Sunday, 8 February 2009

Foghorns, mist and grammar

But if each of us can see only our own segment of blackly shining asphalt, how can we extrapolate that to a common picture of the world to share with our fellow travellers? We need signposts, foghorns, landmarks, lighthouses – a map, in short – by which we can navigate the terrain.
Some like Steven Pinker see evidence for a lingua franca: a common grammar shared by all human languages which is pre-wired by evolution into the cognitive faculties all human beings. On this view language – and therefore the particular rendition of the universe it affords – is as much a product of our biology as our arms or eyes, and through the office of this grammar there is a universal means of perceiving the world. In other words, after all, there is a single common map by which we do orient ourselves and avoid colliding with each other, and by reference to which all uncertainties and misunderstandings can be resolved.
It is courtesy of just this innate universal grammar that we can “shape events in each other’s brains with exquisite precision”.
As we pass the 200th anniversary of Charles Darwin’s birth, one might remark in the margin at the huge variety of social, political and philosophical literature which claims Darwin’s intellectual antecedence. Some might see this as evidence of the rude health in which Darwin’s Dangerous Idea finds itself a couple of centuries on – universal acid indeed, as Daniel Dennett termed it. Others might wonder whether such universal acidity is symptomatic of weakness in Darwin’s programme: a theory which can be all things to all people ends up being nothing to anyone; there’s a point where flexibility needed for multiple applications tips into ambiguity and incoherence.

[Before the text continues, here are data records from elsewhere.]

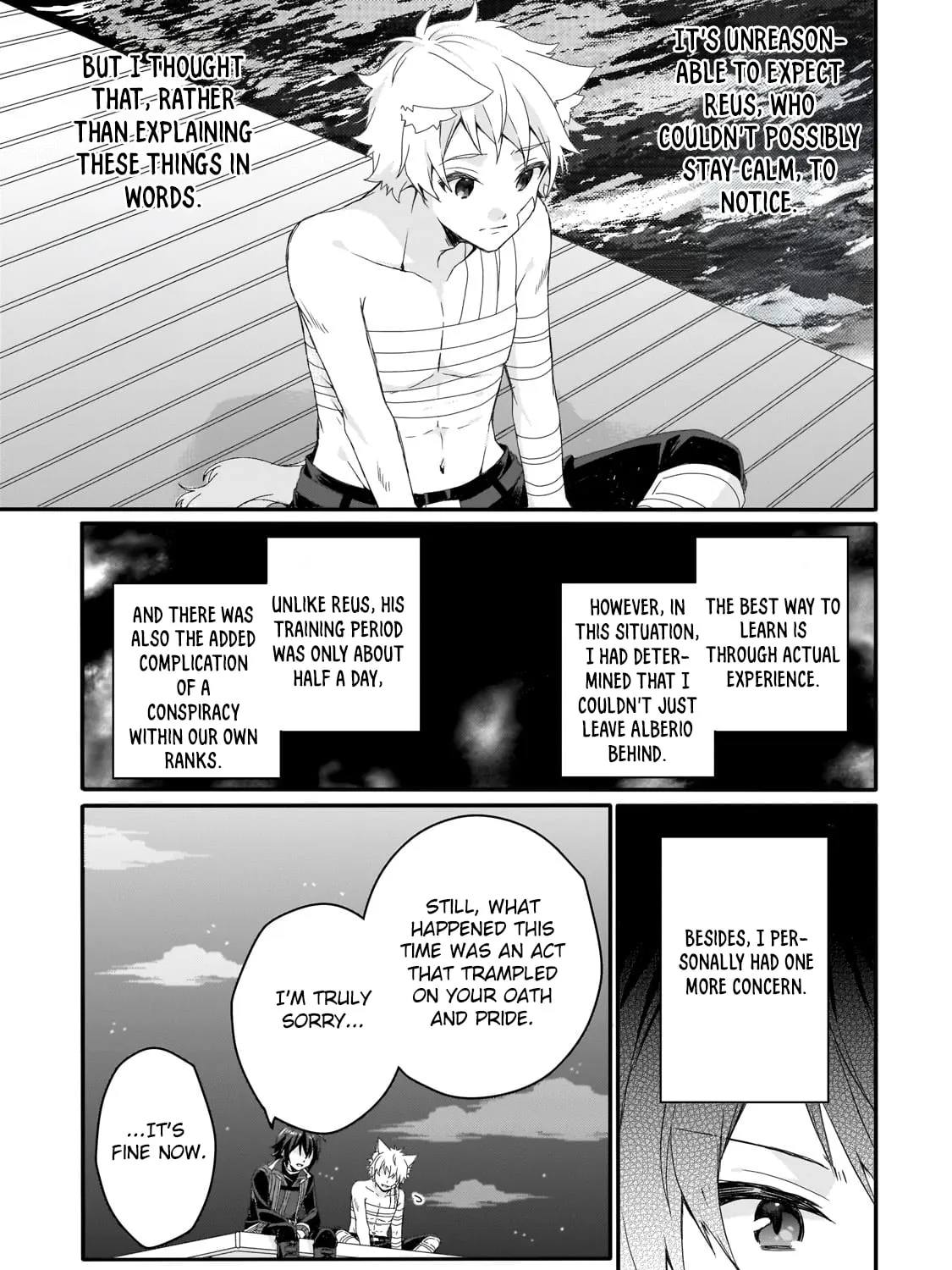 World Teacher – Other World Style Education & Agent Chapter 75 page 45 - 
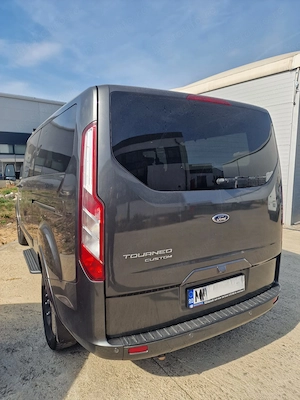 Ford Tourneo Custom 2.0 Diesel - imagine 4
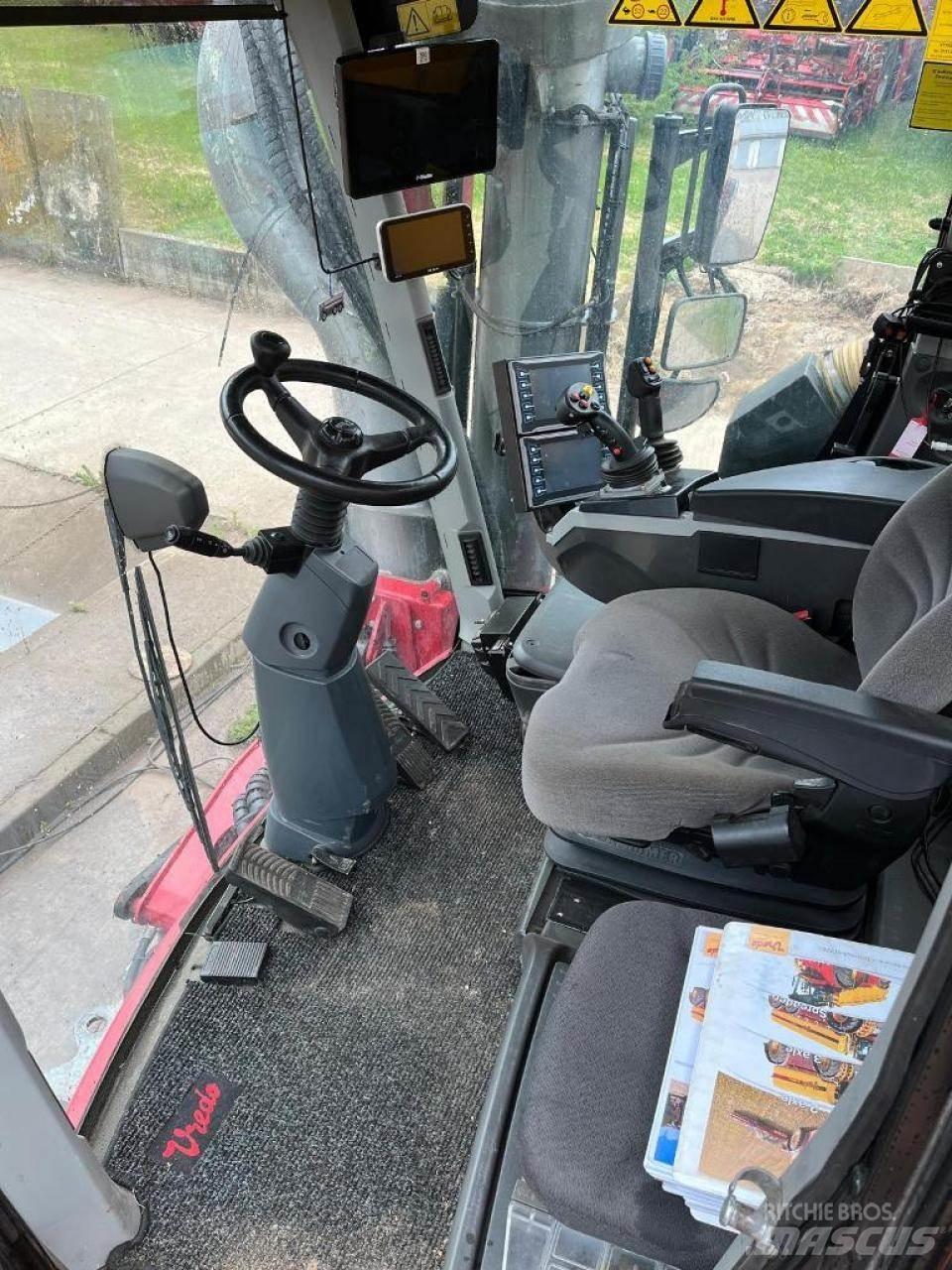 Vredo VT7028-2 スラリータンカー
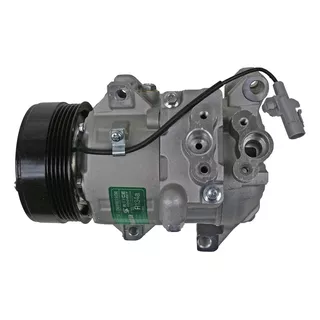 Compressor Suzuki Grand Vitara 2009 - 12 Volts Polia 5pk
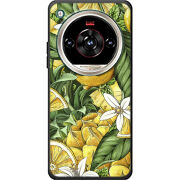 Чохол BoxFace Nubia Focus 2 Ultra Lemon Pattern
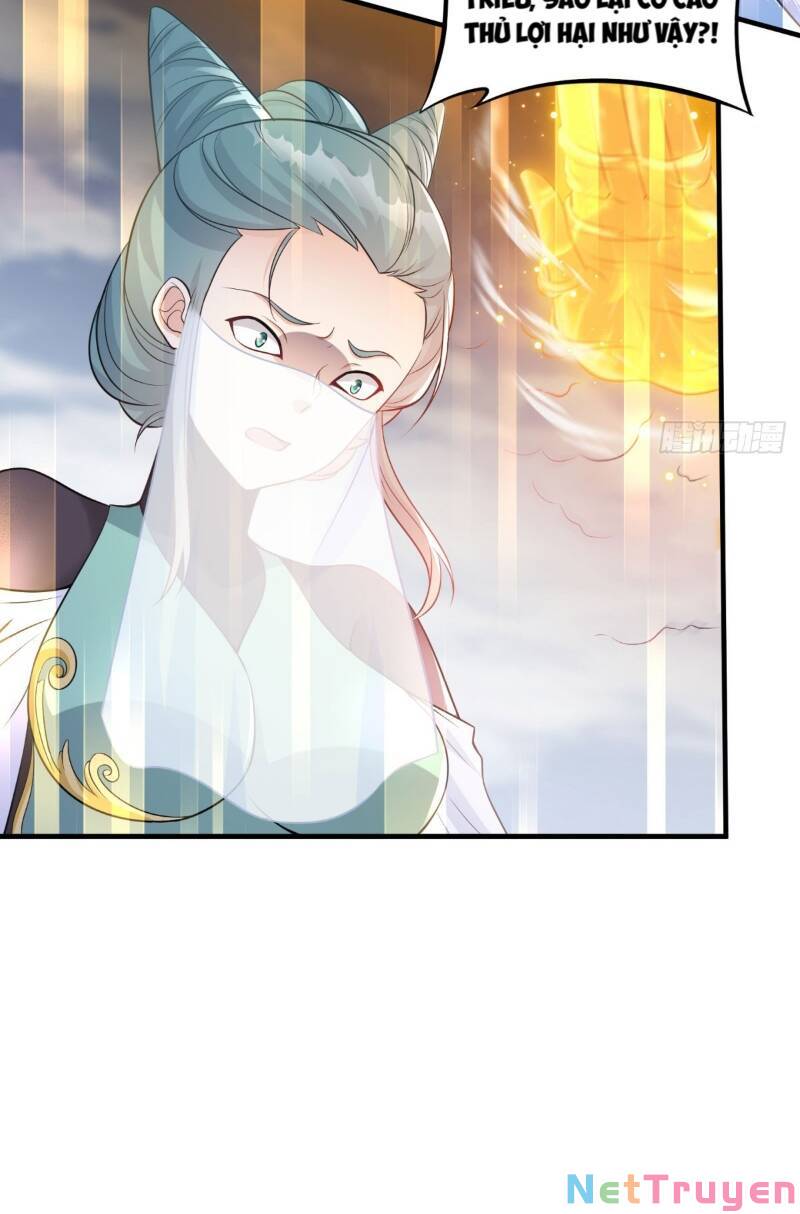 Vợ tôi và tôi thống trị Tam giới: Chapter 26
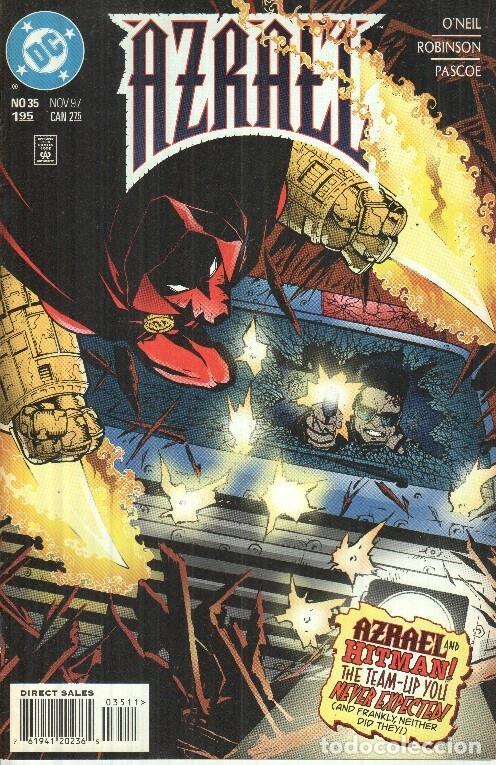 C&oacute;mics: Azrael 035 - Oneil-Cariello - Foto 1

For me, Pinker’s account or universal grammar, Darwin-certified or not, leaves something out. Even if it were sufficiently, exquisitely, precise as to permit only a single literal interpretation for a given statement (as far as I can tell, it isn’t), there would still be an infinite universe of possible figurative interpretations of the same statement, and grammar – the rules for constructing meanings from words – cannot help us with our vocabulary. When Lou Reed tells us, at the end of his exquisitely miserable single Perfect Day, “You’re going to reap just what you sow”, grammar is no help in determining whether or not he was talking about gardening, and whether it really was a “perfect day”, or perhaps there was just a little bit of irony interlaced. 
But – and here’s the thing – the ambiguity conferred by the possibility of metaphor is not an obstacle only for our poets and novelists. Exactly the same ambiguity, the susceptibility to figurative meaning, infests every statement, however strictly empirical or even mathematical. Indeed, that was the very problem with Bertrand Russell’s Principia Mathematica, so deftly exposed by Goedel. This is significant, because it suggests there is no difference between literature and science might not be as ontological as scientists tend to suppose.
So how are we meant to identify each time, from the infinite set of possible meanings, the right one? Like any natural language, English is no more and no less than a formal logical system, like Mathematics. In these technologically revolutionary times we are confronted, as never before, by the fact that English is a numeric system: Every character can in theory be and, for the purpose of electronic processing of data, is assigned its own digit – the ASCII code. A computer can only understand text by reducing it to numbers.
And in the same way that a mathematical system is, English is (non-viciously) circular (you can only validly define an English expression in terms of other English expressions: evidence: the Shorter Oxford Dictionary, a document which defines and explains the set of “every word in the English language” wholly in terms of words taken from that very same set).
Ultimately, the meanings we hang on the intricate latticework of words we create each day comes from beyond the formal set of symbols which comprise the English language. “Meaning in the world” when we apply our own respective vocabularies to the formal symbols in the language. Notwithstanding the Shorter Oxford Dictionary, the set of formal symbols in practical use in any single person’s language will almost certainly be unique, and the precise meanings which that person assigns to that set of symbols, being completely functional on that person’s individual life history, definitely will be.